## Stored data
- - - -

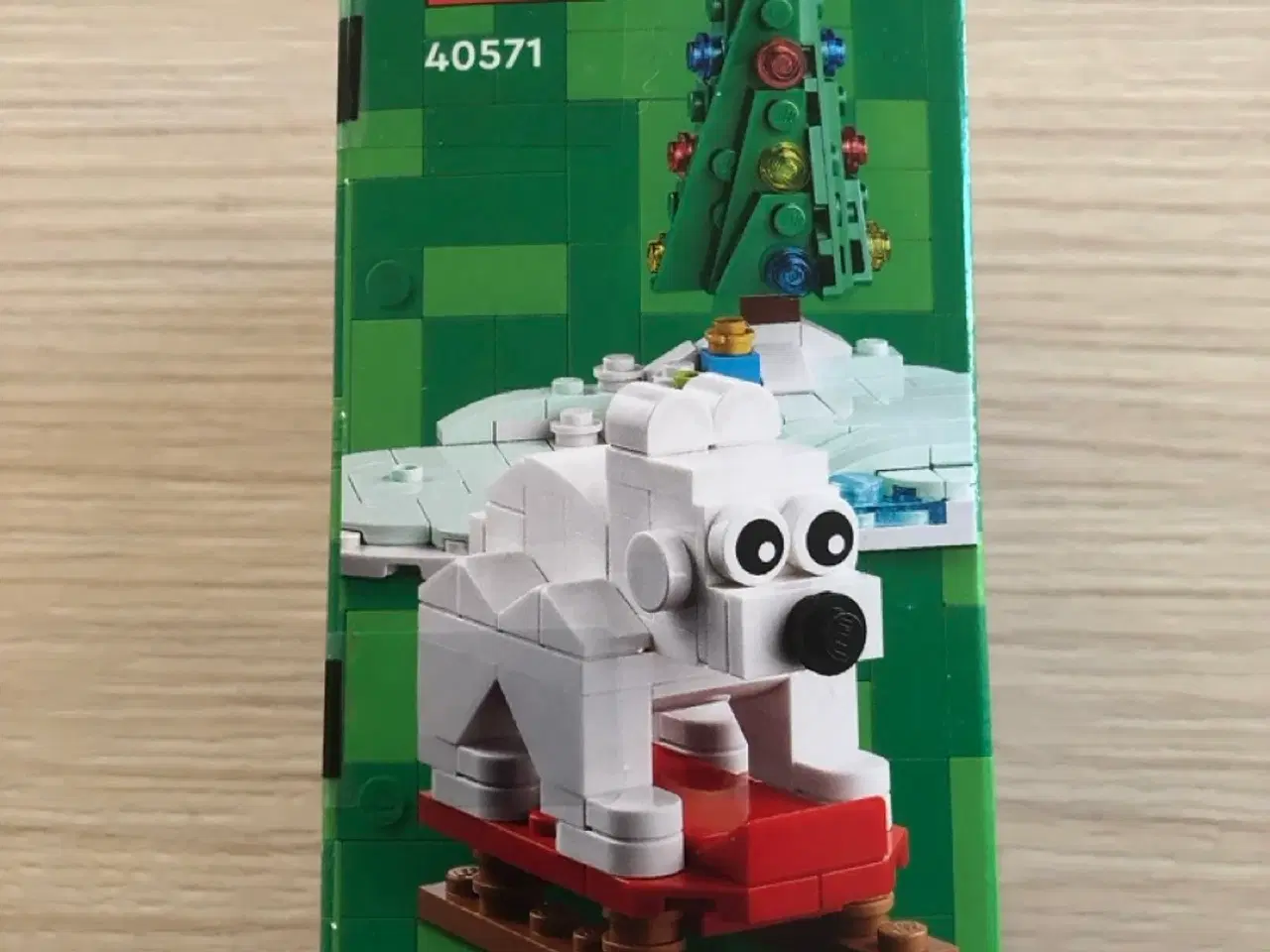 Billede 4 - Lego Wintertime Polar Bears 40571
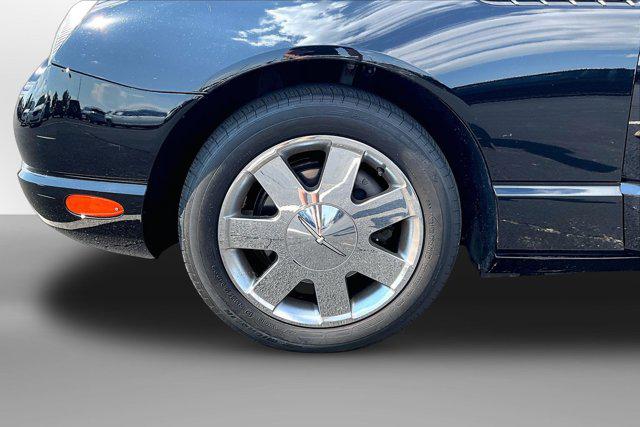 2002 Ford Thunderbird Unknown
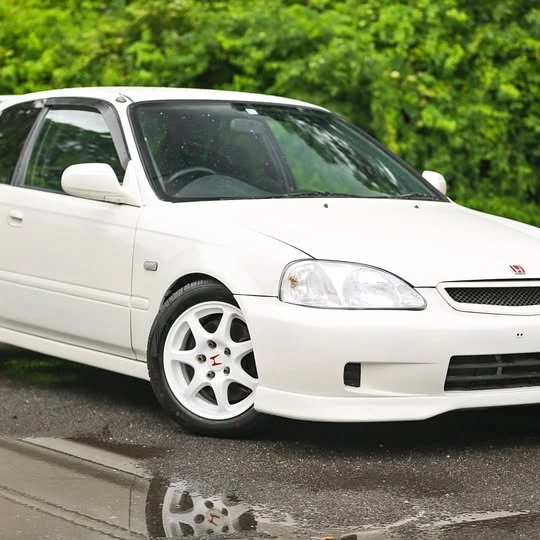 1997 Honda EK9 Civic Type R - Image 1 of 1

- - - -

## Prompt
Any picture in the data is to be skipped, while each line is returned exactly as written.

## Task result
 Billede 4 - Lego Wintertime Polar Bears 40571
 2002 Ford Thunderbird Unknown
 1997 Honda EK9 Civic Type R - Image 1 of 1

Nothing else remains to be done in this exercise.